A conversation between Sam Jeffery, Ryan Gander and Rebecca May Marston

Sam Jeffery: An obvious point on which to start would be your decision to change the regular monthly show format, on which the OUTPOST programme generally operates, to a quite different, six week, six show system. This provides a completely new dynamic to the Members Show. How did you arrive at this format/decision?

Rebecca May Marston: You asked us to select this show on the basis of our having organised Associates gallery, so we thought we'd parallel its format (of 12 month-long solo shows for young artists who'd benefit from the opportunity a solo show provides). We wanted to give 6 artists a solo show, to document each and show the images at the end for a big closing party. The format also energises the seasonal lull, we hope...

Ryan Gander: Yes, and group shows are about artists making works; solo shows are about artists making exhibitions; and retrospectives are about artists making a practice. The greater it gets the harder it gets. We thought it would be better to give 6 people something hard to do than 25 people something easy.  It would be like turning it up a bit.

SJ: When considering aesthetic and conceptual aspects of the selected artists’ work there seem to be similarities that appear. On a formal level, most of the artists selected seem to display careful enquiries into the play-offs between material and placement, presenting their work and responding to the gallery in similar ways with a predominant sculptural output. Apart from being able to provide an opportunity for the artist is there something in particular that you look for in the work when selecting like this?

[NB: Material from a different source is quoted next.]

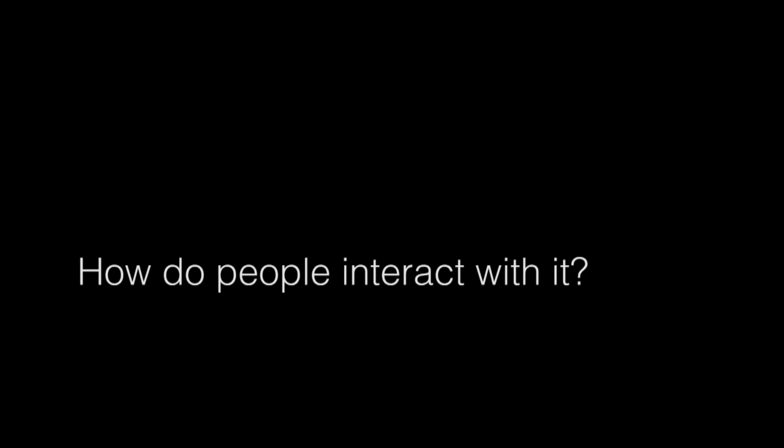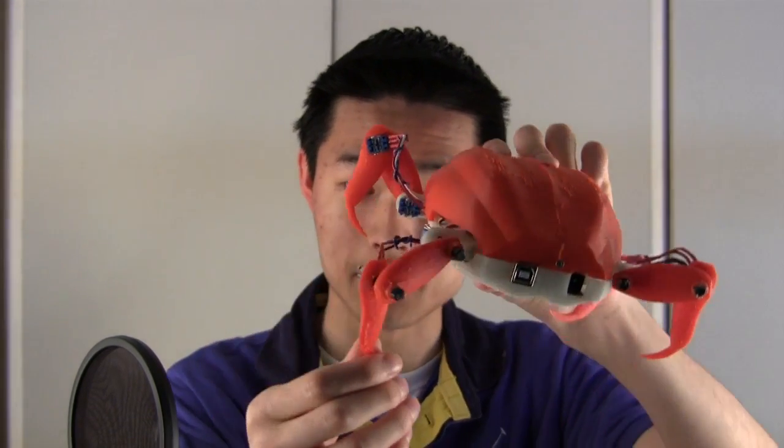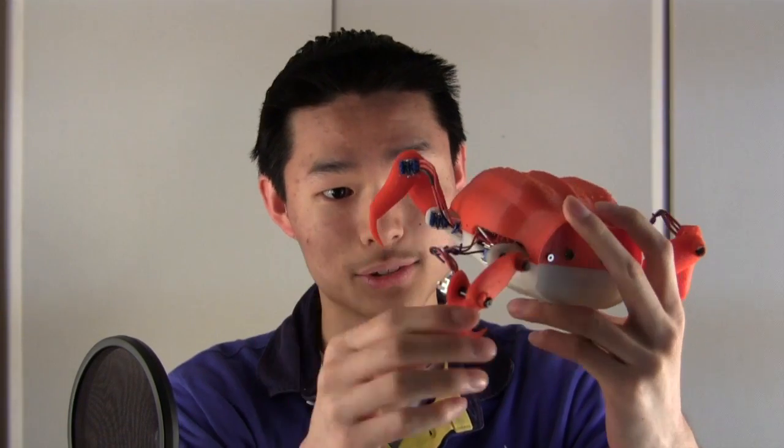My final project is a robotic crab controller that controls a crab simulator. The idea is that you plug this little robot crab onto your computer, which is directly hooked up to a crab video game. You can control each of the virtual crab's legs by controlling the real crab's legs, controlled by potentiometers, and that controls the virtual crab.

RMM: Hmmm... We could say all sorts of things: work we both felt was strong with interesting lines of enquiry evident; work that seemed to make a practice etc; but in the end I suppose it was work we liked the look of. The fact that we looked all the way through your 400(?) members and were ruthless wasn't the difficult bit - it was choosing artists from images alone, without talking to them about their works. That's tricky.

RG: There's a difference between things that mean things and things that look like they mean things. A lot of art you see around you is designed to look like interesting art, but art that is actually interesting seems more likely to happen by going about your life, roaming through culture and making stuff, unstrategically. I think for me the things I liked in the selection process you could tell were really idiosyncratic and would have been happening whether there was a show or publication for them to be sited in or not. There are undoubtedly communal aesthetics shared between the shows, maybe these become movements or schools over time, that’s the way art history works, no? I also like the fact that this collective consciousness exists between a group of people that haven't ever met each other. I have an image in my mind of people in different parts of the country all nodding and smiling to themselves, when they see each others' work.

SJ: As this show has proven, artists in London are making similar work to those based in Glasgow or Birmingham. We have come to a point where languages and movements are becoming global. Do you feel that this ‘collective consciousness’ that you speak of is due to, or has been enhanced by, the relatively recent phenomenon and proliferation of the internet and its ability to provide immediate national and international transmission of artist and gallery activity?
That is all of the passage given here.